### DATA TO USE
__________
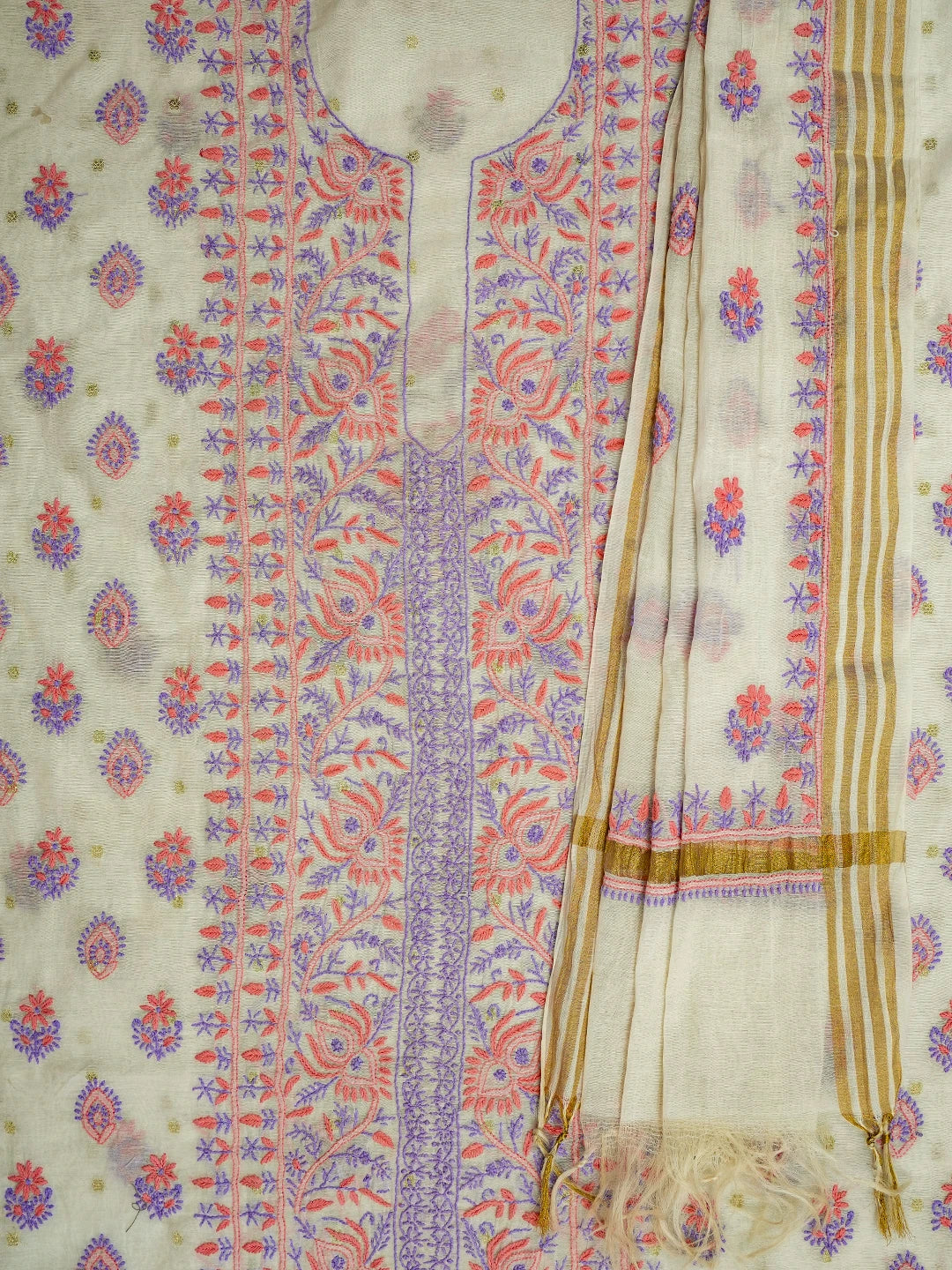 Ada Hand Embroidered Ivory White Chanderi Lucknowi Chikankari Unstitched Kurta Dupatta Set With Zari Work 01A712500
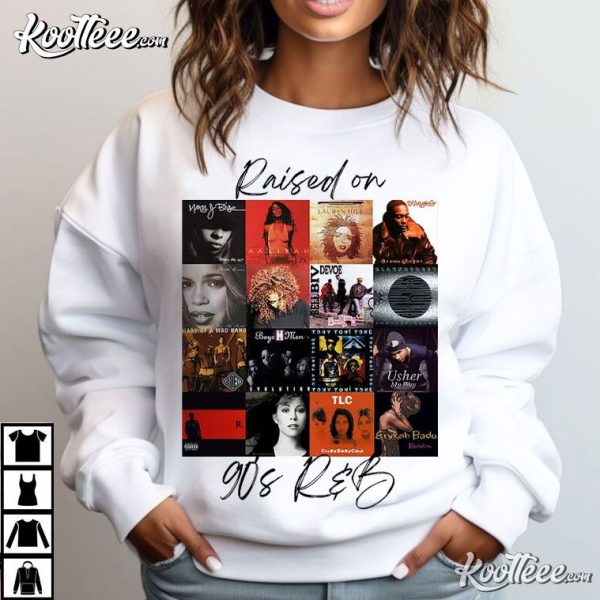 Raised On 90s RnB Album Cover Music Lover T-Shirt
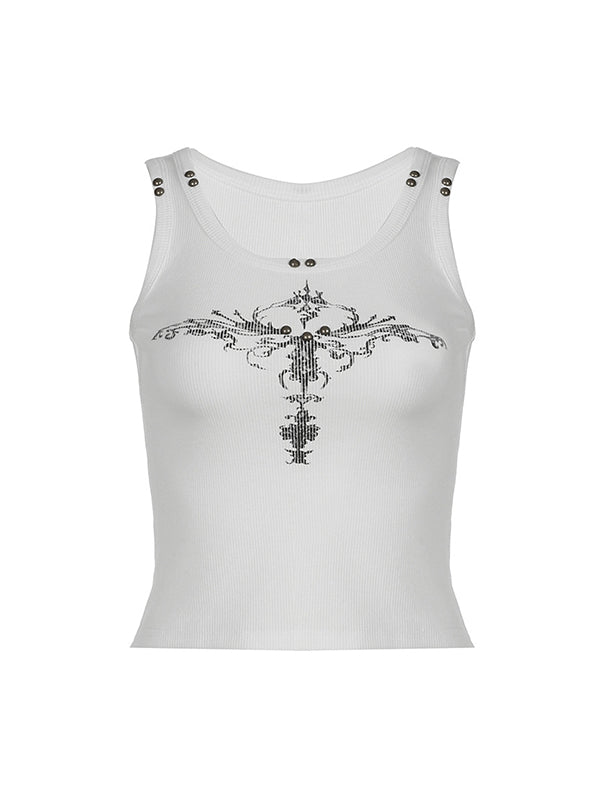 White Gothic Print Rivet Tank Top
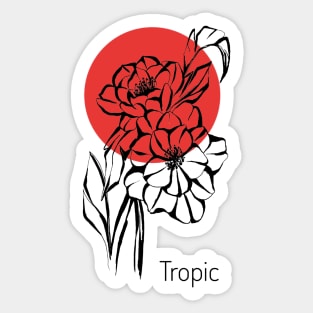 Camellia silhouette against a red circle background Sticker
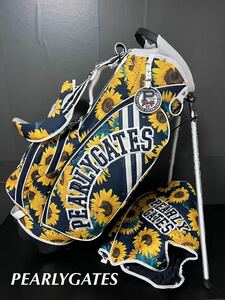 * beautiful goods * PEARLYGATES limitation sunflower caddy bag stand Pearly Gates Mukou . rare rare pearly gates Golf bag 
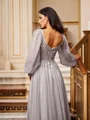 A-Line/Princess 30D Chiffon Applique V-neck Long Sleeves Floor-Length Dresses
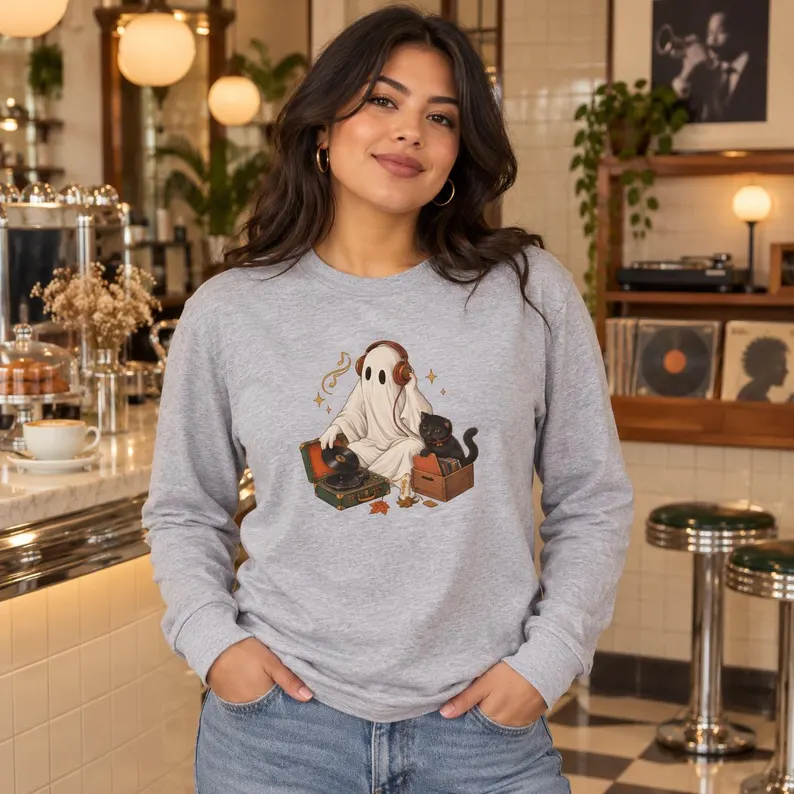 Music Ghost Halloween Long Sleeve Shirt – Vinyl Record & Black Cat Graphic Tee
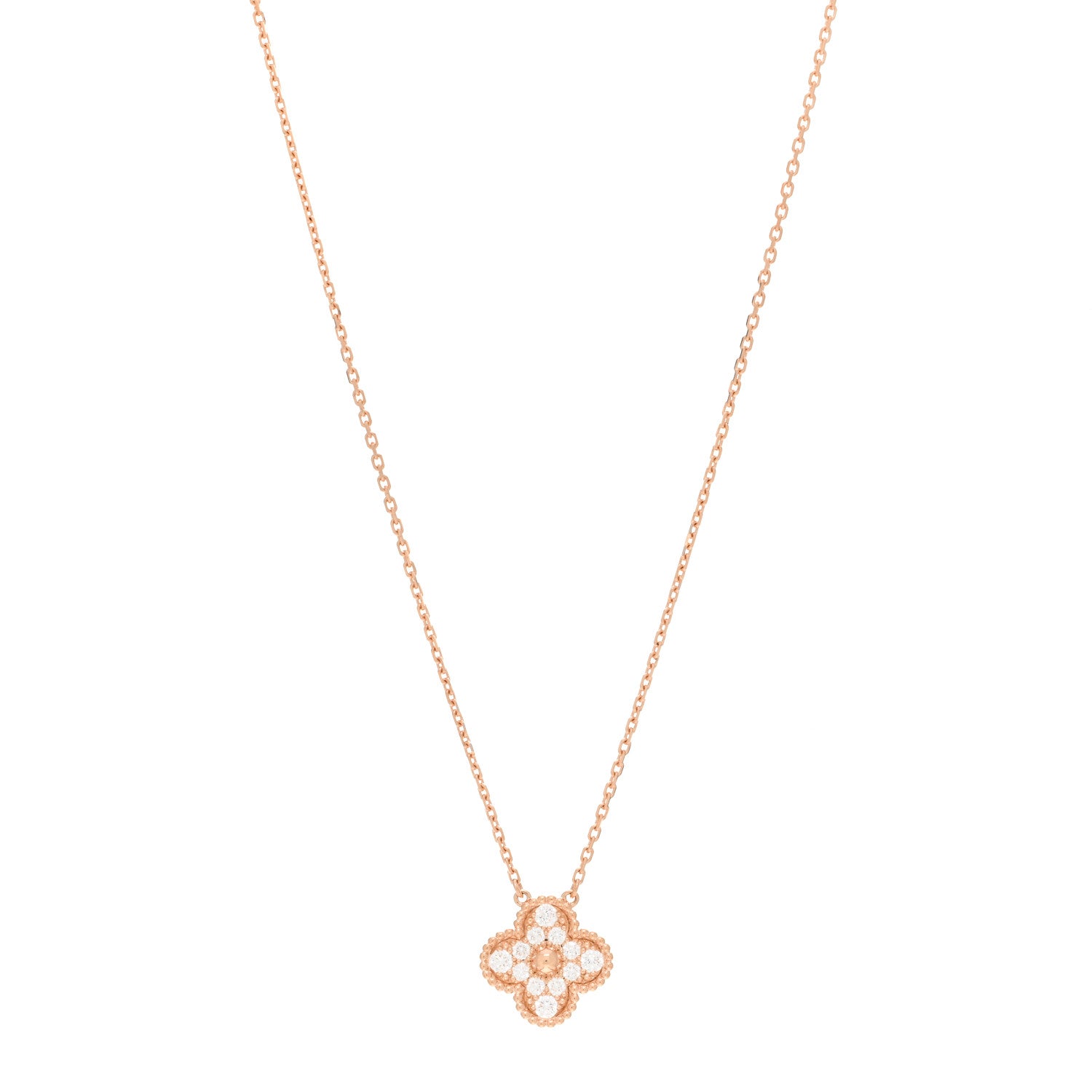Van Cleef & Arpels 18K Rose Gold Diamond Vintage Alhambra Pendant Necklace 1 of 6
__________
### WHAT YOU HAVE TO DO
Every line from the one containing "Camellia silhouette against" through the end of the listing is to be copied exactly; the pictures are not.

### RESPONSE TO THIS EXERCISE
 Camellia silhouette against a red circle background Sticker
 * beautiful goods * PEARLYGATES limitation sunflower caddy bag stand Pearly Gates Mukou . rare rare pearly gates Golf bag 
 A-Line/Princess 30D Chiffon Applique V-neck Long Sleeves Floor-Length Dresses
 Music Ghost Halloween Long Sleeve Shirt – Vinyl Record & Black Cat Graphic Tee
Van Cleef & Arpels 18K Rose Gold Diamond Vintage Alhambra Pendant Necklace 1 of 6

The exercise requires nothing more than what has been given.